In the presence of row locks and table locks, a transaction to add a table X lock, need to check whether there is other issues on the table added a lock or a row of the table to add the lock, and each row of the table is for testing once it is very inefficient, in order to solve this problem, realize the multi-granularity locking mechanism, InnoDB has two kind of internal use intent locks, Both types of intent locks are table locks.

  • Intentional shared lock: IS lock for short. A transaction must obtain an IS lock on a table before it intends to share a lock on a row.
  • Intentional exclusive lock: referred to as IX lock, a transaction must acquire an IX lock on the table before it intends to lock rows exclusively.

With intent locks, a transaction that wants to lock X on a table simply checks to see if any other transactions have X/IX/S/IS locks on the table.

The compatibility of locks is as follows:

INnoDB locks rows by locking index entries on indexes. If there is no index, INnoDB locks records by hiding clustered indexes.

There are three types of InnoDB row locks:

  • Record Lock: Locks an index entry
  • Grap Lock: Locks “gaps” between indexes, before the first entry, or after the last entry.
  • Next-key lock: combination of the first two to lock the record and the gap in front of it.

InnoDB row locks: If data is not retrieved by index criteria, InnoDB will lock all records in the table, which has the same effect as table locks.

MVCC does not solve the phantom problem; at repeatable read isolation levels, the phantom problem is solved using MVCC+ next-key Locks.

What are optimistic and pessimistic database locks and how to implement them?

Optimistic locking: The system assumes that data updates will not cause conflicts most of the time, so the database detects conflicts only when the update operation is committed.

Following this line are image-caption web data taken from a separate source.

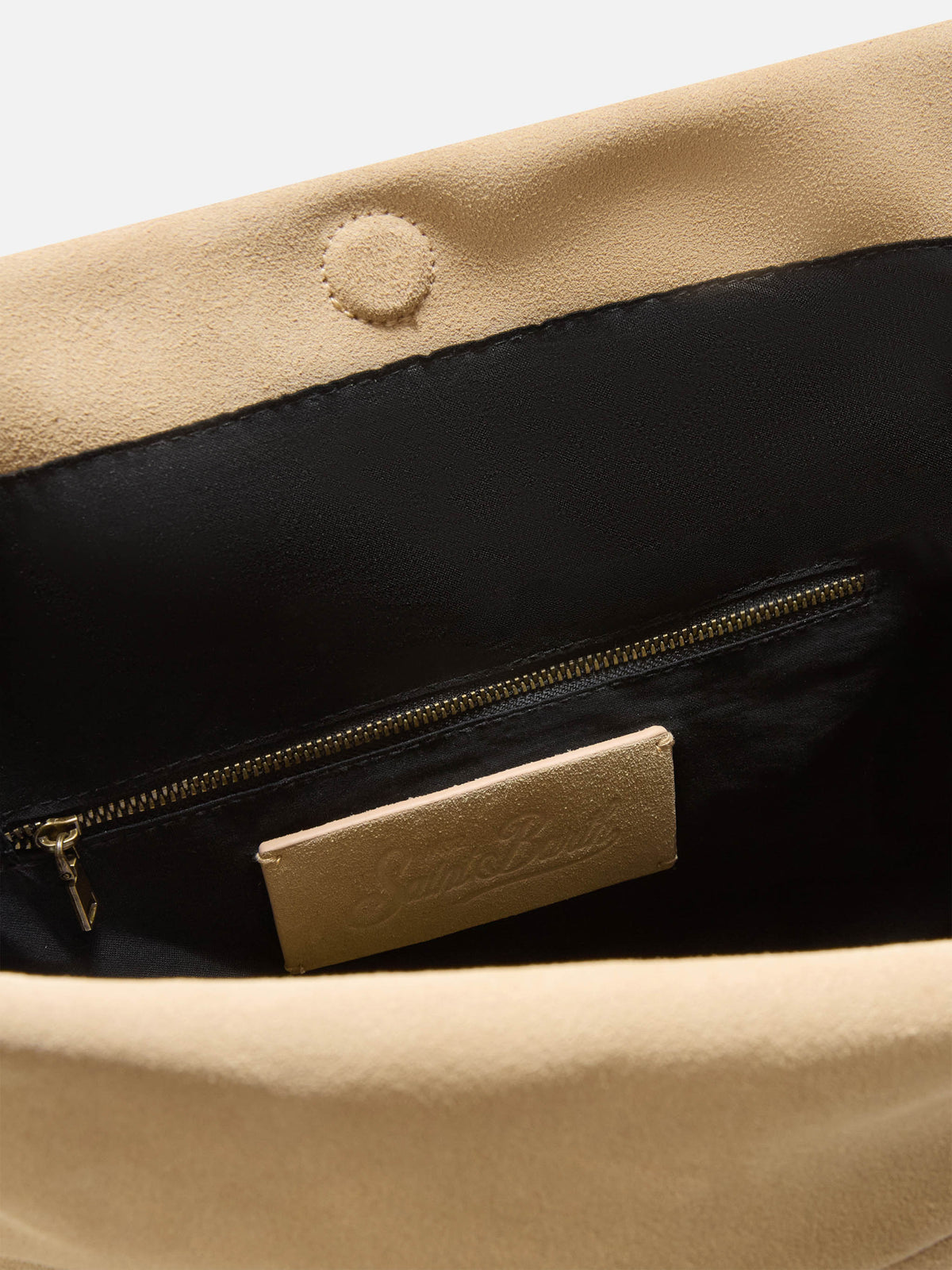 Pochette Maxi beige in camoscio con patch logo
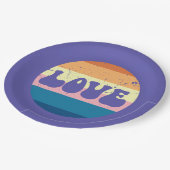 Retro Liefde Typografie Op  Sunset Stripes Papieren Bordje (Gekanteld)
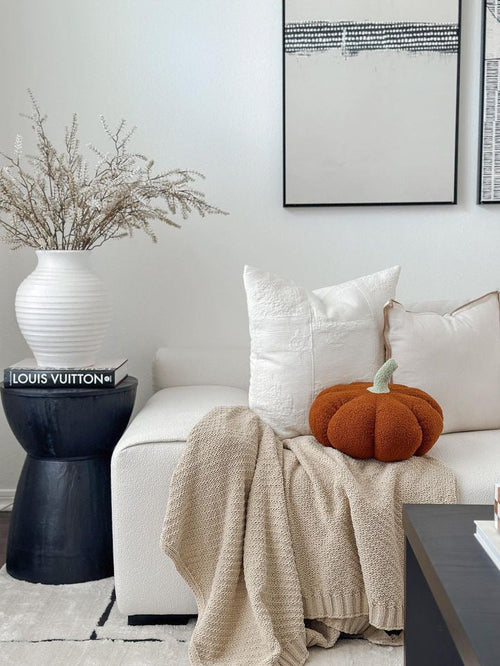 11” Jumbo Sherpa Orange Pumpkin Pillow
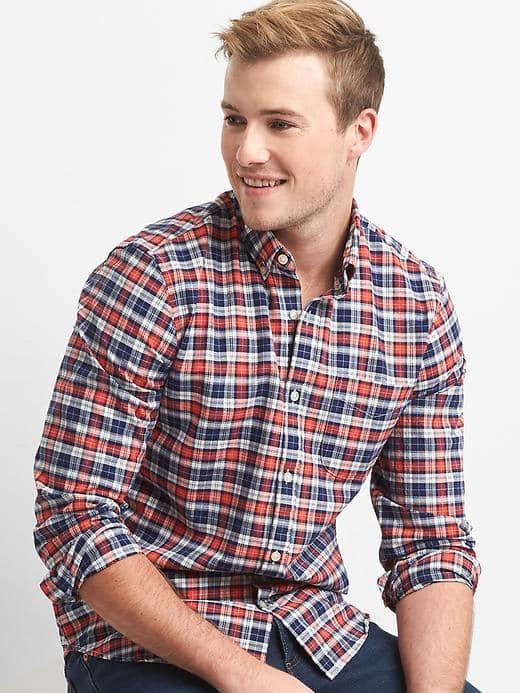 Gap Women Oxford Tartan Slim Fit Shirt - Hula Red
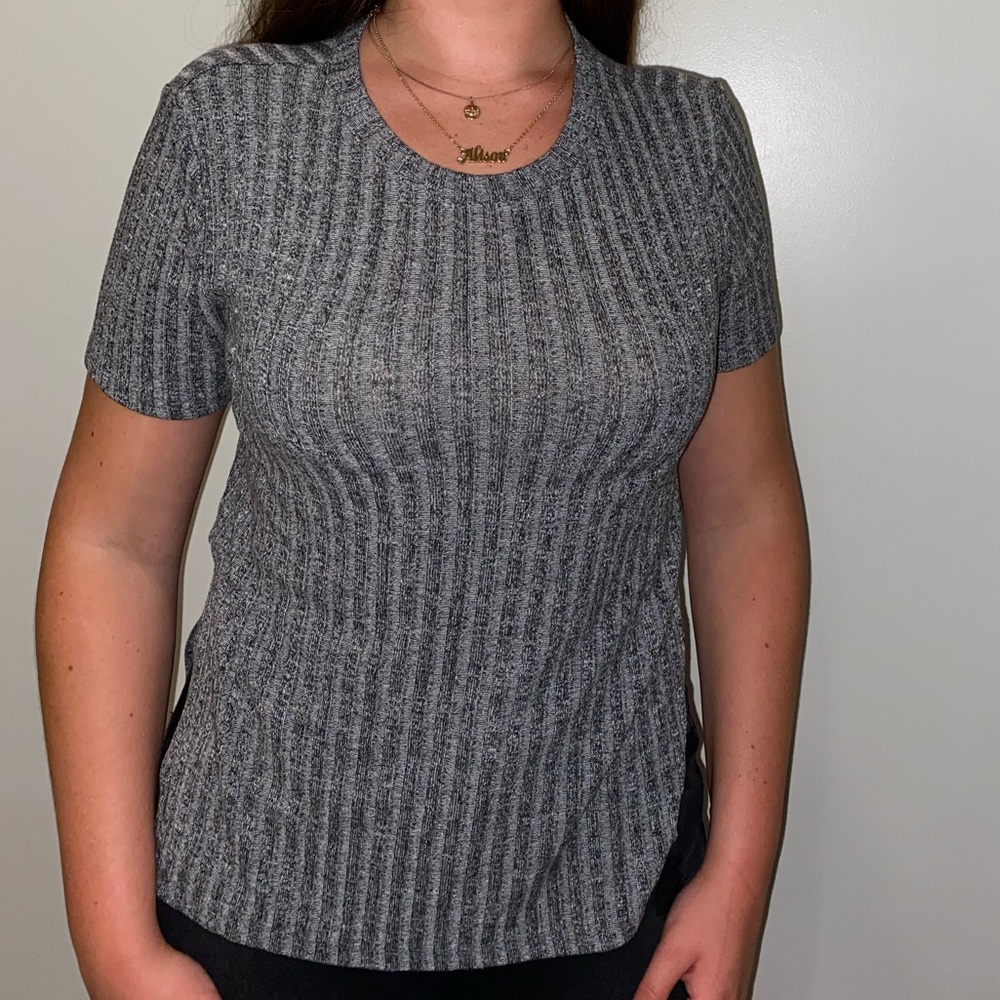Grey soft short sleeve fashion shirt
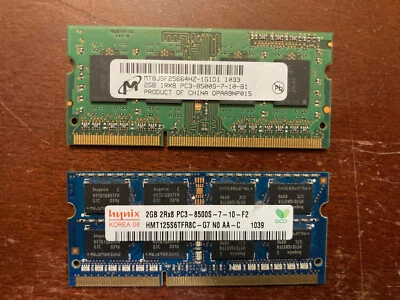 Micron  MT8JSF25664HZ-1G1D1, Hynix HMT125S6BFR8C-G7 2GB DDR3 PC3-8500S RAM - Image 1 of 3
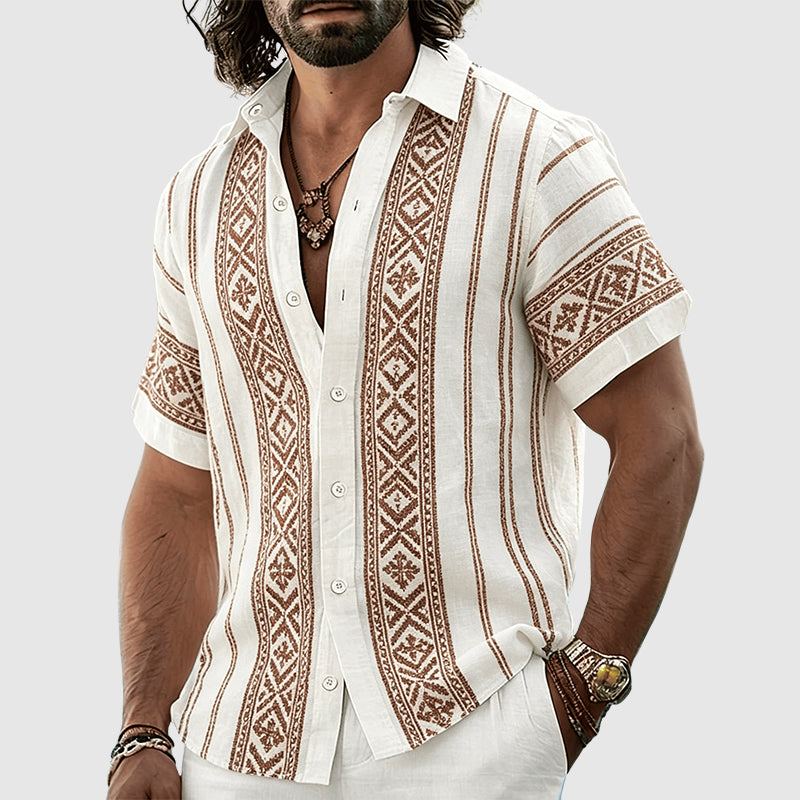 Norman - Men’s Tribal Pattern Button-Up Shirt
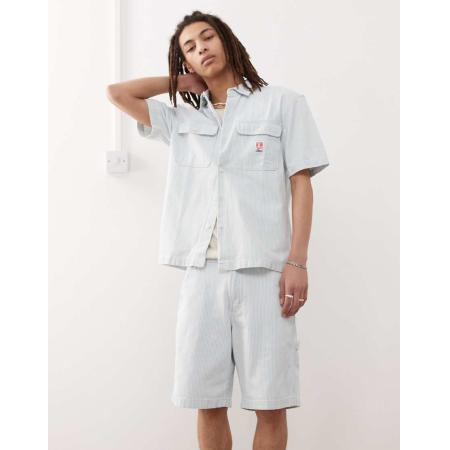 Wrangler - Casey Jones - Workwear - Denim overhemd met korte mouwen en strepen in lichte wassing, deel van co-ord set-Blauw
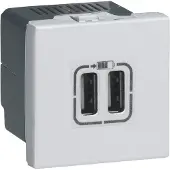 Legrand Mosaic Usb Lader 2 X Type A - 2,4A 15W 2M Hvid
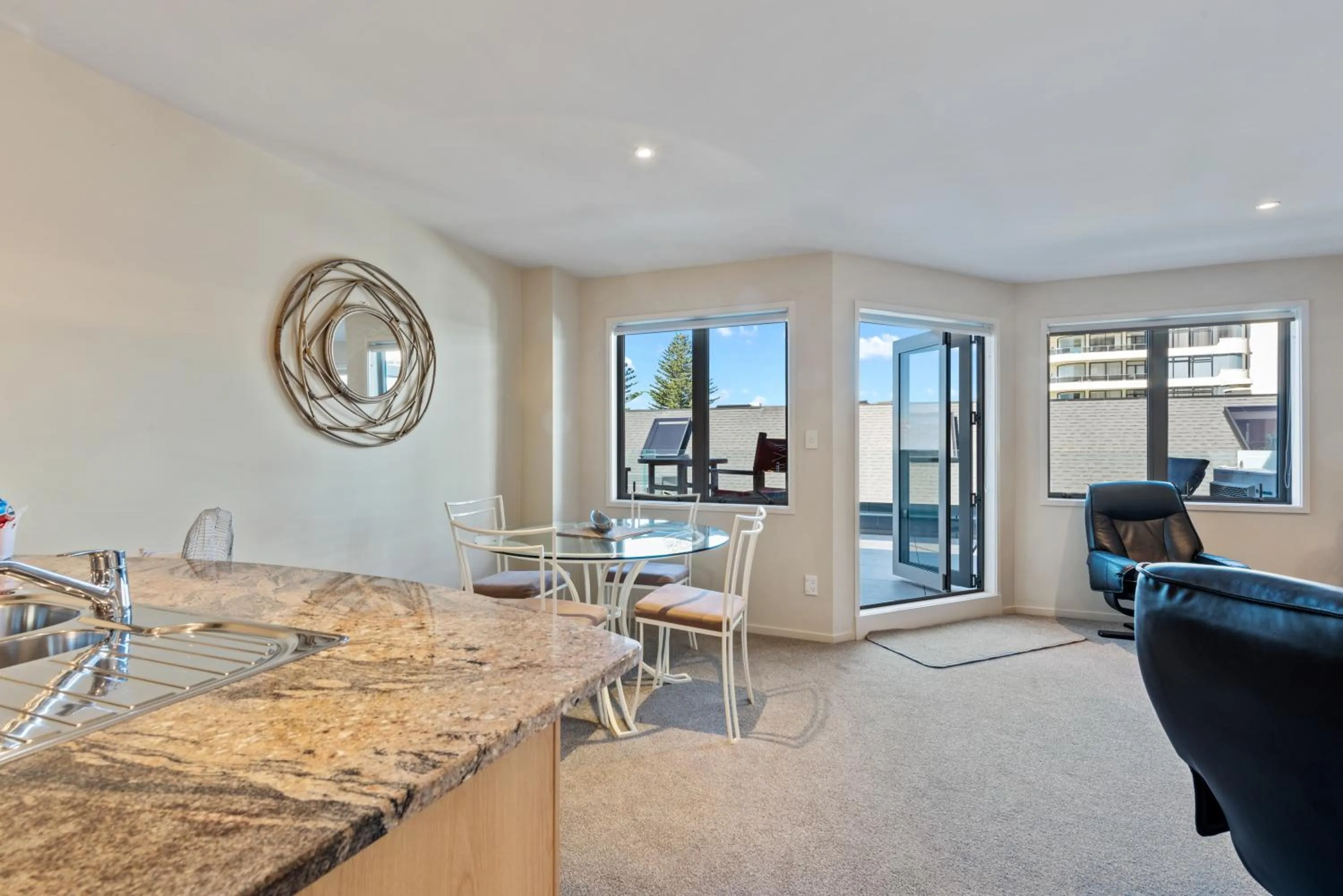 Living room in Pavilion Beachfront Apartments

If a conflict exists, the update fails.

Optimistic lock is generally implemented by version number and CAS algorithm.

Pessimistic locking: Shielding all operations that might violate data integrity, assuming concurrency conflicts. Generally speaking, every time you go to retrieve data, you assume that someone else will modify it, so every time you retrieve data, you lock it.

Pessimistic lock is implemented by the locking mechanism of the database, adding for updata to the query statement.

What is a deadlock? How to avoid it?

A deadlock is a blockage caused by two or more processes competing for resources or communicating with each other during execution. In MySQL, MyISAM acquires all the locks it needs at once, either satisfy them all or wait, so no deadlocks occur. In The InnoDB storage engine, except for transactions consisting of a single SQL, locks are acquired progressively, so there are deadlocks.

MySQL > prevent deadlock or lock conflicts

  • If multiple tables are accessed concurrently by different programs, try to access the tables in the same order.

  • When the program processes data in batches, if the data is sorted, try to ensure that each thread processes records in the same order.

  • In a transaction, if you need to update records, you should directly apply for an exclusive lock of sufficient level, rather than apply for a shared lock first. When you apply for an exclusive lock, other transactions may have already obtained the shared lock of the same record, resulting in lock conflicts or deadlocks.

  • Try to use a low isolation level

  • Try to use indexes to access data to make locking more accurate and thus reduce the chance of lock conflicts

  • The probability of lock conflict is lower for small transactions when the transaction size is properly selected

  • Try to access data with equal conditions to avoid the impact of next-key locks on concurrent inserts.

  • Do not apply for more than the actual need of the lock level, try not to display the lock query

  • For certain transactions, table locks can be used to speed up processing or reduce the probability of deadlocks.